Fox Sports Bud Shootout Pre-Race

Any NASCAR season that begins with the confused tones of Chris Myers can't bode well for Fox Sports. Myers continues to look and feel like maybe his medication needs to be adjusted slightly. He is just fundamentally not at ease in the NASCAR environment, and it shows time-and-time again.

For NASCAR fans returning to network television coverage of the sport for the first time since 2006, it seemed strange for Fox to rush through the NASCAR news in order to get to a country singer. With two country music channels on my cable system fulltime, perhaps viewers would have been better served with a pre-produced recap of the 2006 action, including how the Bud Shootout drivers got themselves into the event. Dierks Bentley can wait.
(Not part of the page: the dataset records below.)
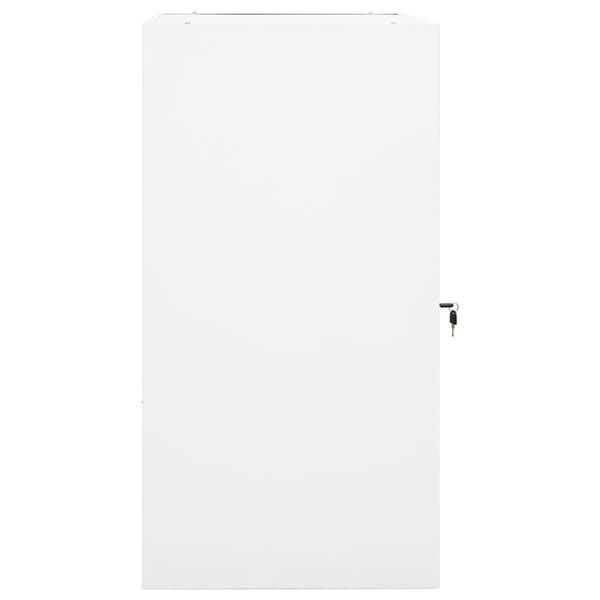 vidaXL Armario para sillas de montar acero blanco 53x53x105 cm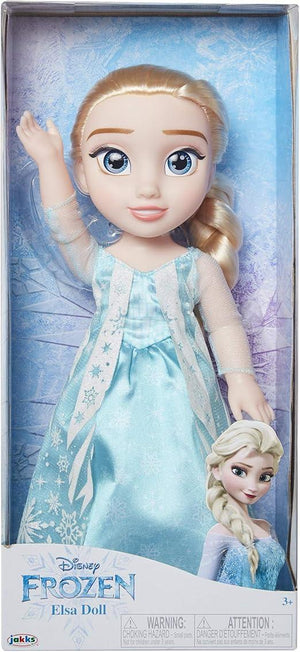 Disney Frozen,Bambola Elsa 38 cm,Jakks,Età3+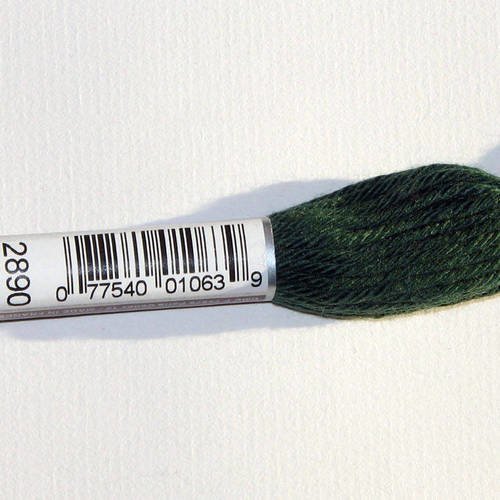 Dmc n°2890, échevette de coton vert pour tapisserie et canevas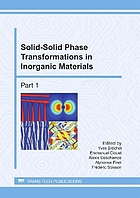 Solid-solid phase transformations in inorganic materials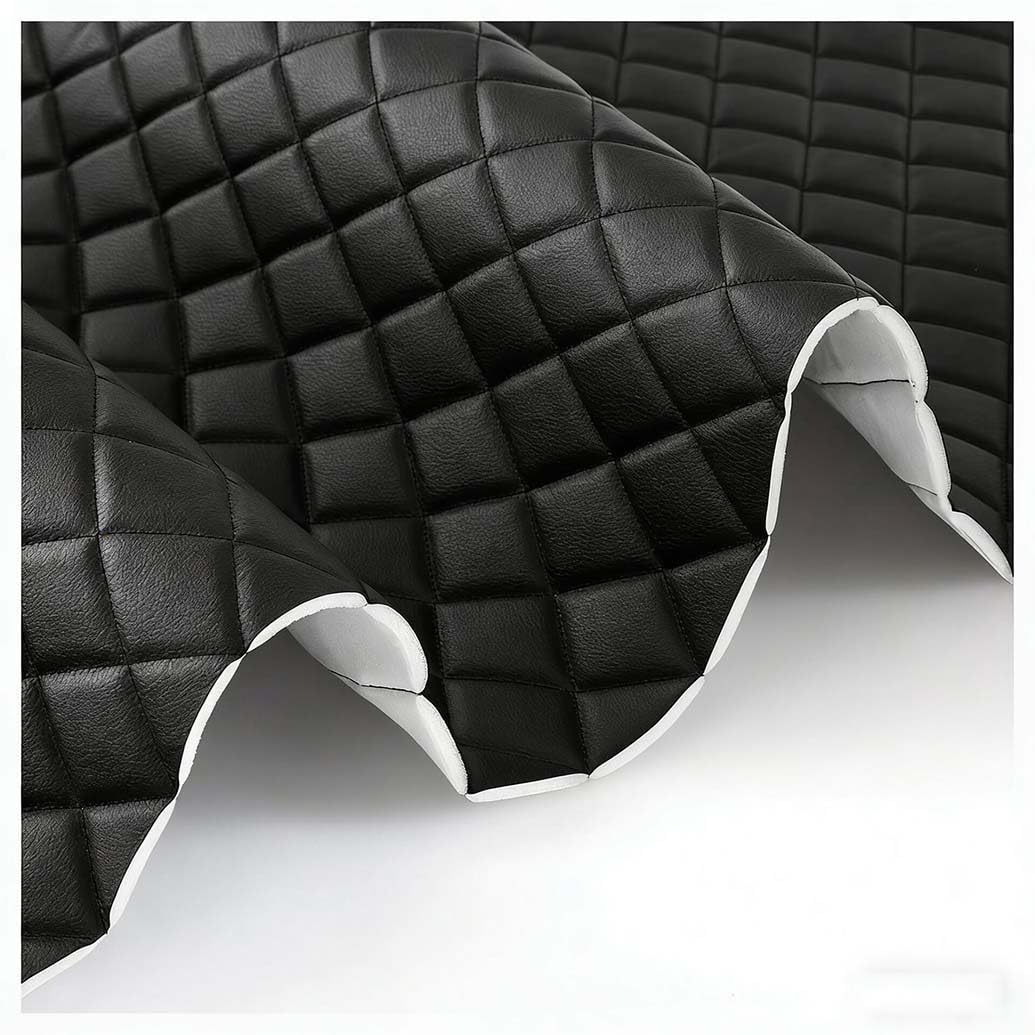 Tessuto in Ecopelle/Finta Pelle per Rivestimento e Arredamento– Pelle Sintetica Morbida per Arredo, Divani, Sedie, Casa, Accessori(Black,1.6X4m)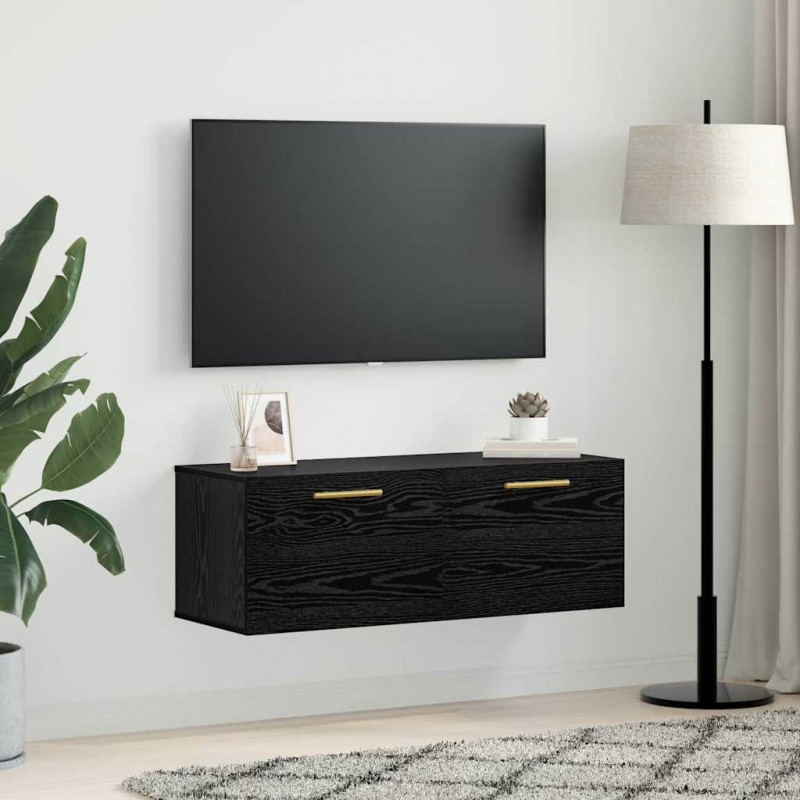 Szafka ścienna Czarny dąb 100 x 36.5 x 35 cm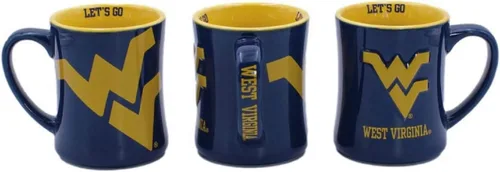 Vista 10 de RFSJ Taza de cerámica de 16 onzas con relieve (3D) (Alabama) - Se incluye una taza
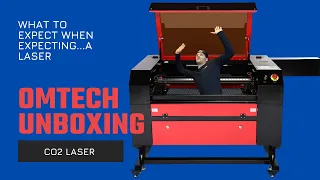 OMTech Laser Unboxing // CO2 Laser Unboxing // Laser Delivery Day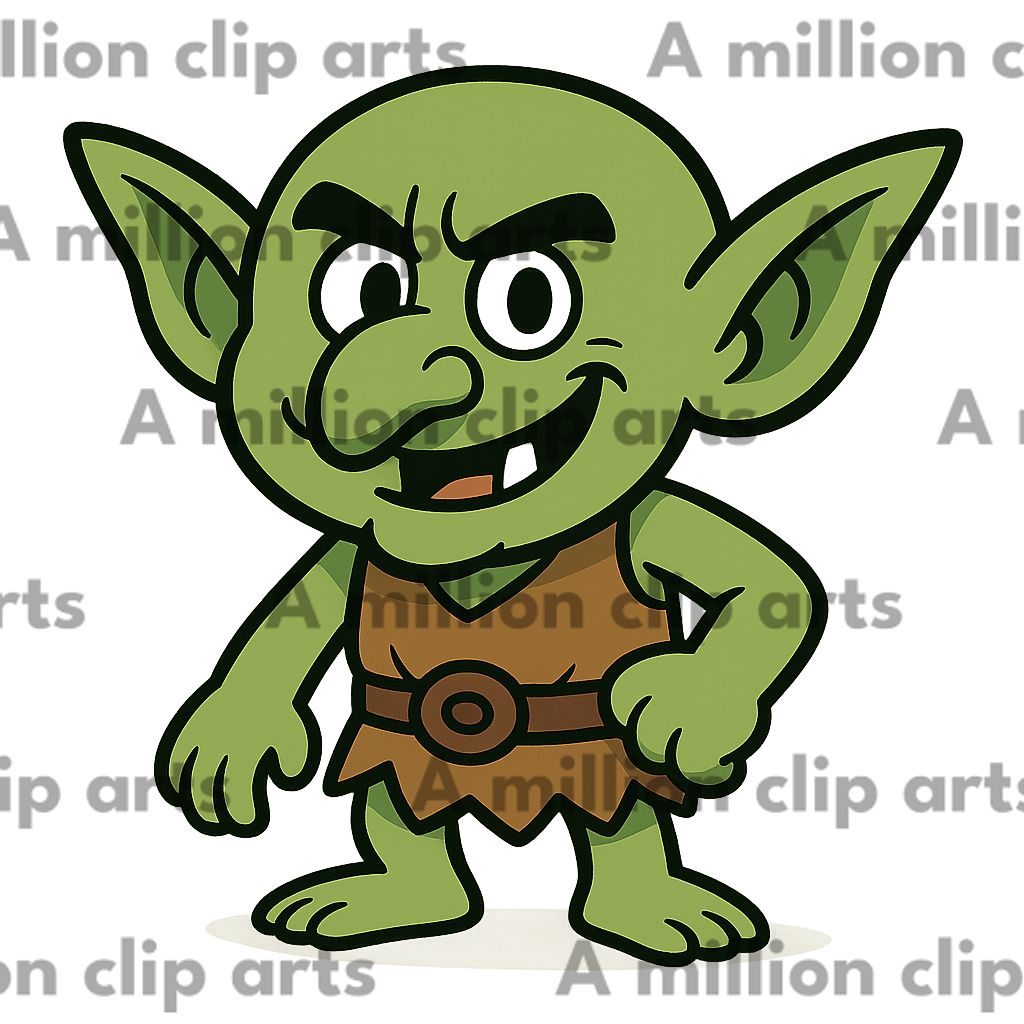 Goblin Character clipart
In a flashback of 2006, the Fox announcers began the process of slowly pounding their personal sponsors and interests into the viewers brains, which was the chief complaint heard nationwide last season. Its very clear that any other network would have excluded Darrell Waltrip from speaking in factual terms about Toyota, a company he endorses and is compensated very well to represent. This is a conflict of interest that should not be tolerated, but Fox seems to be unrepentent in their continual merging of truth and opinion.

The pre-race show provided a wobbling start to the 2007 season, it will be interesting if the ultimate professional Mike Joy can pull the race telecast up to an acceptable level. The only positive note is that this progam was a full thirty minutes without any on-camera presence from Toyota's Michael Waltrip.